→ **ASSIGNED TASK**
Your copy starts at the line containing "French Bulldog with a bone coloring sheet" and ends at the last line below. Copy exactly, without pictures.

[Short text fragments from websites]
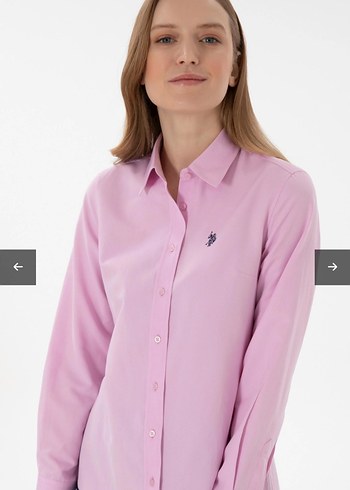 Pembe V Yakalı Uzun Kollu Kadın Gömlek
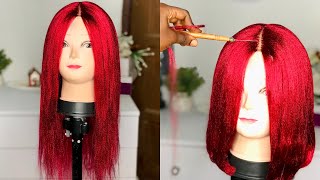 How to DIY 280 Kinky Straight Drawstring ponytail with kanekalon Hair [upl. by Ycats13]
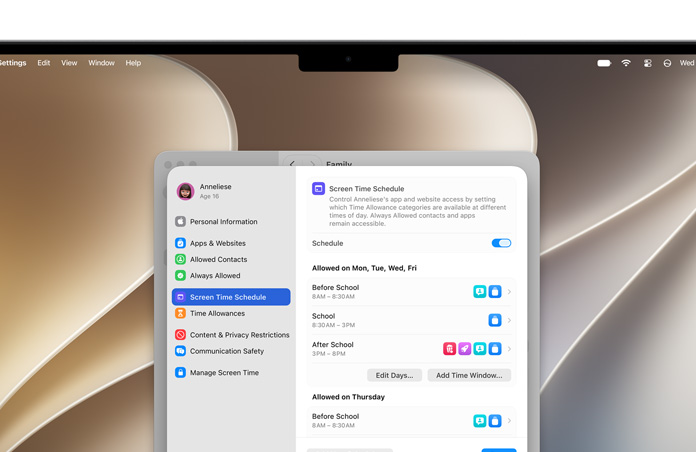 MacBook Pro ekranında, çocuklara zaman ve medya kategorileri ayarlamak için Ayarlar’daki Time Allowance ve Screen Time Schedule seçenekleri gösteriliyor
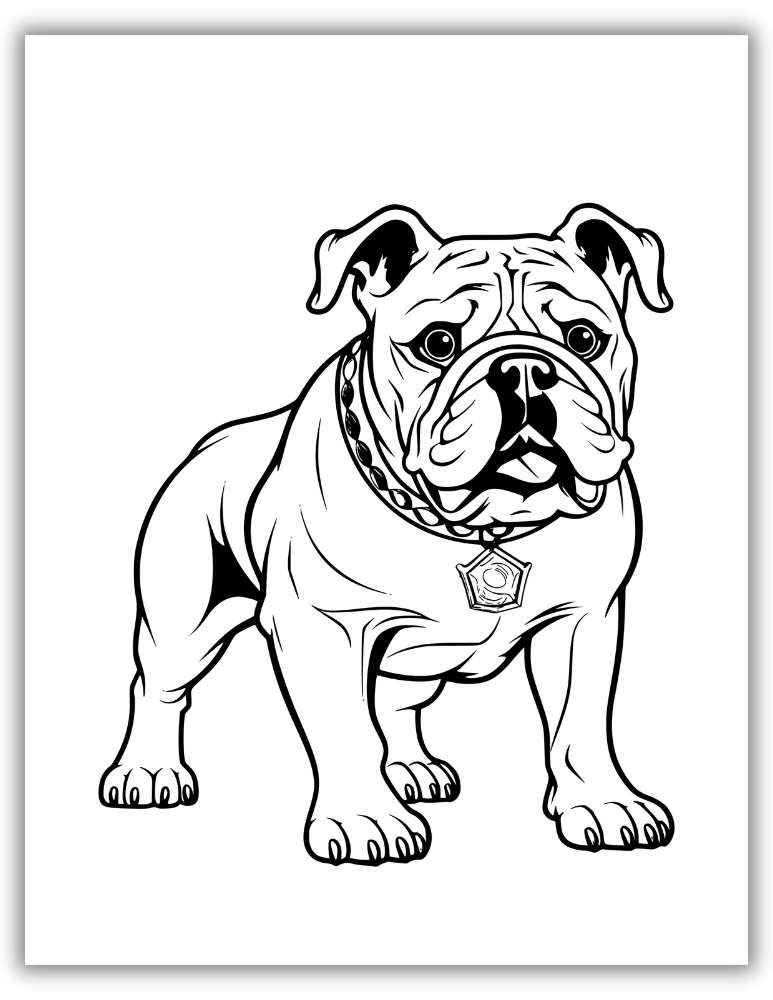 French Bulldog with a bone coloring sheet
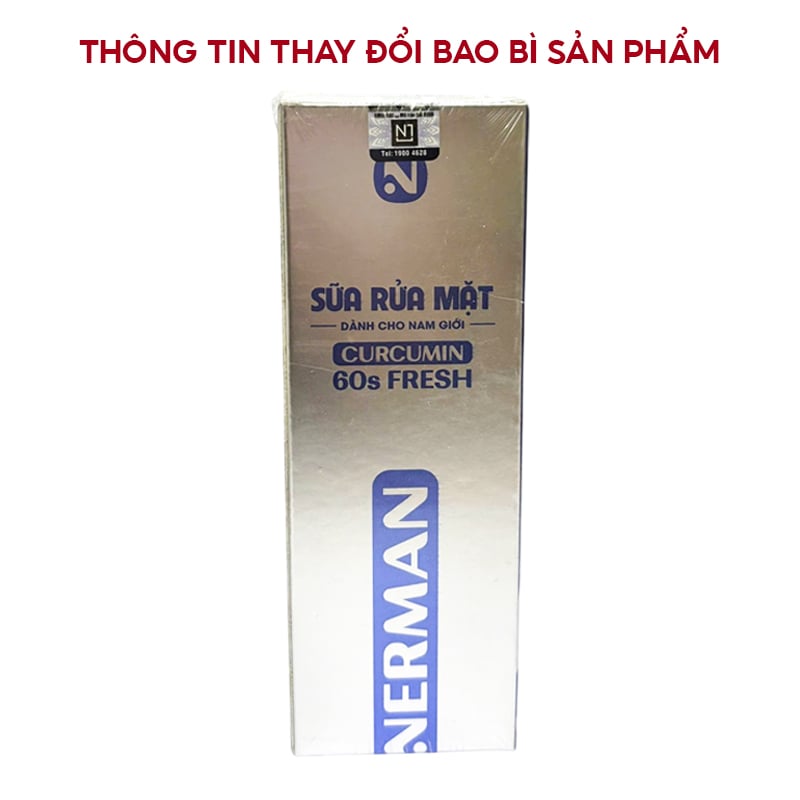thegioiskinfood.com - Gel Rửa Mặt Sạch Nhờn, Ngừa Mụn Cho Nam Nerman Curcumin 60s Fresh 100ml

→ **TASK SOLUTION**
 French Bulldog with a bone coloring sheet
thegioiskinfood.com - Gel Rửa Mặt Sạch Nhờn, Ngừa Mụn Cho Nam Nerman Curcumin 60s Fresh 100ml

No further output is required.